Das zweite Album der Truppe um Mastermind Rupert Hine erschien ein Jahr (1977) nach dem Debutalbum, das außer dem Hit "Lone Ranger" kaum Aufmerksamkeit erregte. Aber die Rezension in der damaligen Szenepostille "SOUNDS"  - Zitat: "...Es passiert heutzutage nicht oft, dass unsereins mit heruntergeklappter Kinnlade vor den Boxen sitzt und dann alle Leute bequatscht, sich diese Platte anzuhören. ..." Zitatende - weckte die Neugier des Rezensenten und der machte sich auf, das Album zu erwerben, nur die Worte des guten Manfred Gillig vor Augen, blind vertrauend auf die (Geschmacks)kompetenz des Kritikers. Es gab keine Enttäuschung, aber auch keine Euphorie. Die Musik gefiel. Und sie gefällt auch heute - 37 Jahre später - immer noch. Warum? Weil sie zeitlos und immer noch frisch daherkommt, will heißen, dass sie zwar ein Kind ihrer Zeit ist, aber sich nicht dem Mainstream der damaligen Zeit angebiedert hat. Auf der Platte ist Pop, ohne Zweifel. Aber einer, der erwachsen ist, der seine pubertäre Phase hinter sich gelassen hat. Da ist jede Komposition ausgereift, es gibt keine Wischiwaschiexperimente. Im Gegenteil, man verwendete gepflegtes Können - genannt seien Elkie Brooks (voc), das Penguin Cafe Orchestra, Geoffrey Richardson (g,viola,fl) als "Gast"musiker - und einen sorgfältigen Umgang mit der Studiotechnik. Ich verweise auf das aufnahmetechnisch und arrangementmäßig sehr gepflegte Handling mit den Solo- und Chorstimmen. Auch heute noch vorbildhaft! Die einzigen Zugeständnisse an den damaligen Zeitgeist sind die Ausblendungen am Ende der Songs.
Um den raffiniert komponierten und arrangierten Titelsong "BARRACUDA"  - mit Elkie Brooks als Gastsängerin - gruppieren sich auch heute  nicht weniger interessierende Songs zwischen Funk,Pop und Angejazztem.
Der eigentliche "Star" der mir vorliegenden Ausgabe von Esoteric Recordings (2015) ist die 2. CD, die ein BBC Radio One-Liveauftritt vom 16.Juli 1977 der Truppe. Sie bezeugt, dass die Songs auch live bestens funktionieren und nicht nur das spärlich vorhandene Publikum sondern auch den Konservenkonsumenten zunehmend Spass an der Musik haben lassen. Und um mehr oder weniger geht es hierbei nicht Spass haben, unterhalten werden ohne Plattheiten oder Peinlichkeiten. Die Songs klingen naturgemäß etwas rauher, direkter, aber auch durchsichtiger als die vergleichbaren Studiotakes.
Angeboten wird ein Mix aus den 2 StudioLPs, wobei "No american starship" ein wenig abfällt. Vlt. hatte man kleine Abstimmungsprobleme. "Over Rio" wird vocal in die Nähe der TALKING HEADS ("Psychokiller") gerückt, "Barracuda" fehlt zwar die Stimme von Elkie Brooks vom Original, dennoch kann die Liveversion fesseln aufgrund der Komposition bzw. des raffinierten Arrangements, das  progressive Elemente aufweist. Auch "The Seance" kann seine Nähe zur lässigen Seite von TALKING HEADS nicht verleugnen. Die Hitsingle "Lone Ranger" vom Debutalbum reißt auch live mit. Den Abschluss bildet "Starbright Park", ein funky Song, bei dem Geoffrey Richardson seine Viola ein wenig in den Vordergrund stellen darf. Der Gitarrist ist übrigens beim Liveset ein gewisser Roye Albighton , ex-Mitglied bei NEKTAR.
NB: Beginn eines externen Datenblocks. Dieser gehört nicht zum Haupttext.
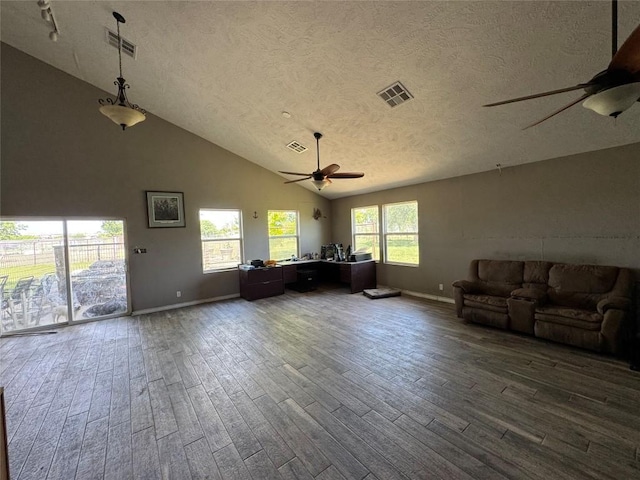 21424 Martin Ln, Pflugerville, TX 78660 - living room featuring a ceiling fan, wood finished floors, a textured ceiling, baseboards, and high vaulted ceiling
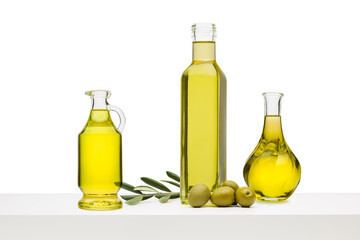 Variety olive oil bottles with green olives on white shelf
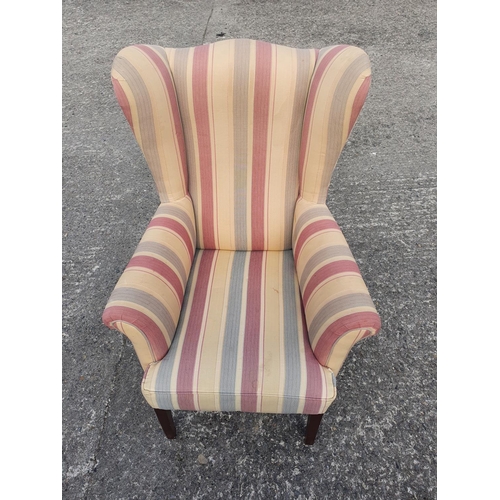 656 - A good and well upholstered Wing Back Chair.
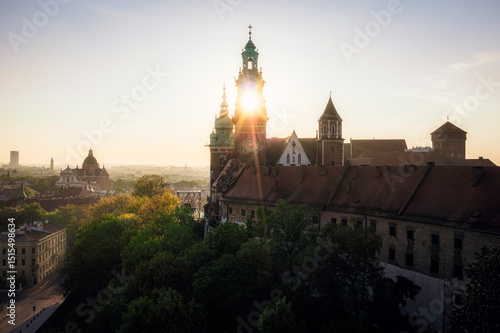 Soft lighted Wawel Castle at summer sunrise, Krakow, Poland
Wisible sun inside tower.
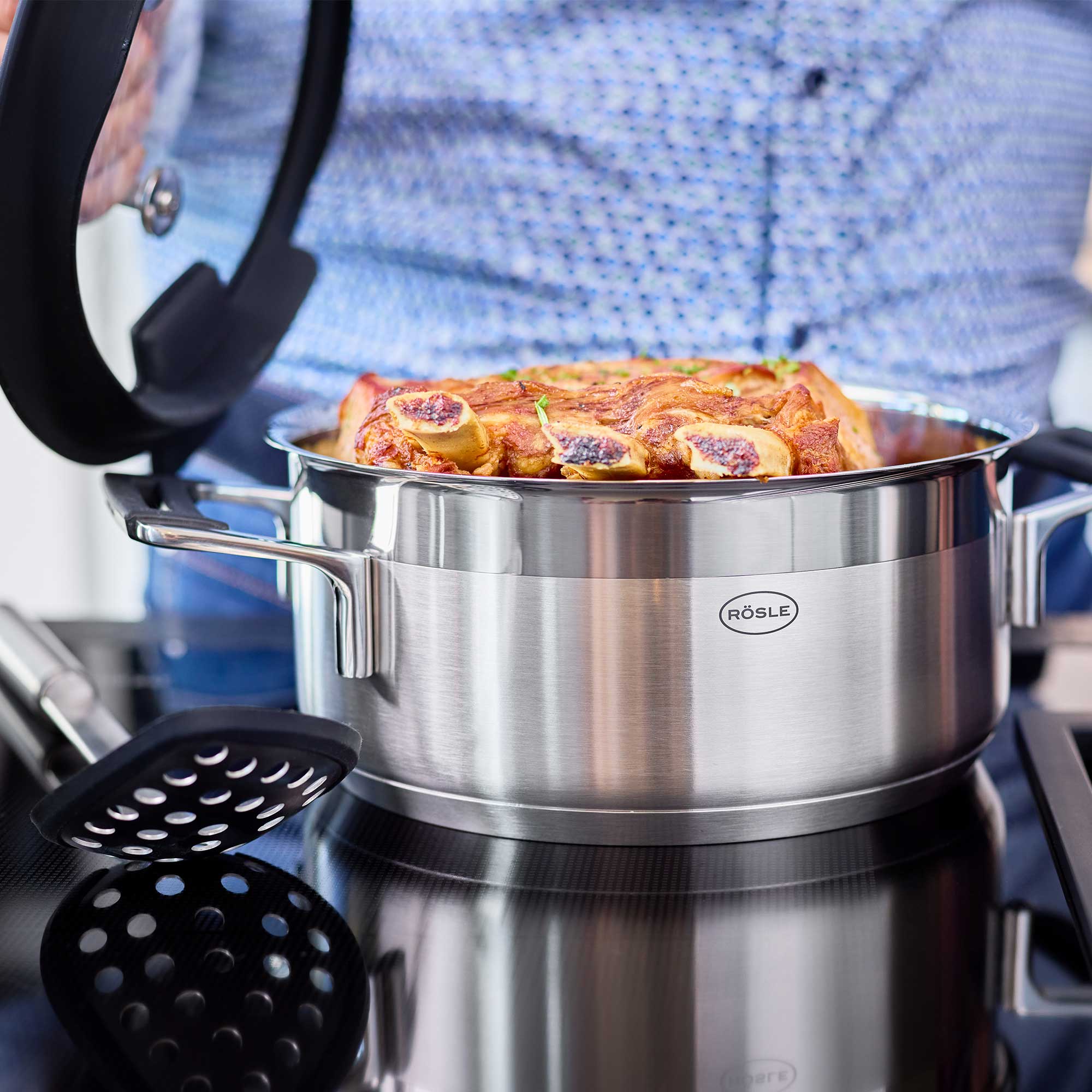 RÖSLE Bratentopf Silence PRO 20 cm Bratentopf Silence PRO, 20 cm, aus Edelstahl, mit Fleischstücken und Deckel, auf einem Herd.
Insgesamt eine lohnende Anschaffung für den Proggy, der die Berührung mit reifem Pop nicht scheut.

 Die Band:
Rupert Hinekeyboards & other keyboards, vocals
Trevor Moraisdrums, percussion
John G. Perrybass guitar, vocal

Gastmusiker

Geoffrey Richardsonacoustic & electric guitar, viola, electric viola, Kentish wheeze flute, Ilkley brain flute
Ray Coopermultifarious percussion
Paul Keoghacoustic & electric guitar
Elkie Brooks              vocals on "Barracuda"
Simon Jeffesarrangements
The Penguin Cafe String Ensemble
The Tower Of Lowther Horn Section
Roye Albighton         g auf CD2

 Titel CD1:
1.  Don't look now                   4:13
2. The Seance                          3:45
3. Barracuda                            6:07
4. Starbright Park                    5:47
5. Love Crossed                      6:43
6. Blue Mountain                    3:45
7. Europe on a dollar a day     3:43
8. Neighbours                          6:41
9. Summer in the city(cover)  4:03
10.Take me to the void again  3:41
11.Don't look now(remix)       3:34
12.Barracuda(remix)               5:56

Titel CD2: BBC Radio One 16.7.1977
1. No american Starship          4:31
2. Over Rio                              4:29
3. Don't look now                    4:14
4. Barracuda                             8:28
5. The Seance                           4:57
6. The Lone Ranger                  4:09
7. Starbright Park                      6:48
8. Don't look now (single version) 3:34
9. Love Crossed (single B-side)     4:04
10.Blue Mountain (remix)              3:34
11.Neighbours (remix)                    6:19


Sonntag, 15. März 2015

QUANTUM JUMP: dto.

QUANTUM JUMP? Quantensprung?- Wer is'n das denn? Werden sich die Jungen fragen. Und die Altvorderen werden sich auch - wenn überhaupt - nur dunkel an diese Truppe um Rupert Hine (The Fixx, Rush, Saga, Thinkman etc.) erinnern. Als  Gründungsdaten werden die Jahre 1972 - 74 genannt; fest steht, dass das Debut QUANTUM JUMP im Juni 1976 als Electric TRIX 1 veröffentlicht wurde.
In den Farmyard Studios trafen sich zu den Aufnahmesessions Rupert Hine an den Keyboards, Trevor Morais (The Peddlers) an den Trommeln und Becken, von CARAVAN kam John G. Perry mit seinem Bass und Mark Warner (Kevin Ayers) an der Gitarre. Es entstand ein Mix aus Artpop ("No american starship"), Funk/Soul, Pop und Rock - durchaus auch mit progressivem Einschlag.
Gleich der Opener "CAPTAIN BOOGALOO" sorgt mit seinem hüpfenden, funky Rhythmus und den abwechslungsreichen Vocals für einen Hinhörer.
"OVER RIO" beginnt mit einem Bassriff, setzt sich als Funknummer mit Bläsersatz fort, nimmt eine kurze Popschleife als Übergangselement um wieder in den Funk zurück zu kehren. Diese Wendung wiederholt sich und so entsteht ein Track, der schon mal 3 Genres in sich vereint.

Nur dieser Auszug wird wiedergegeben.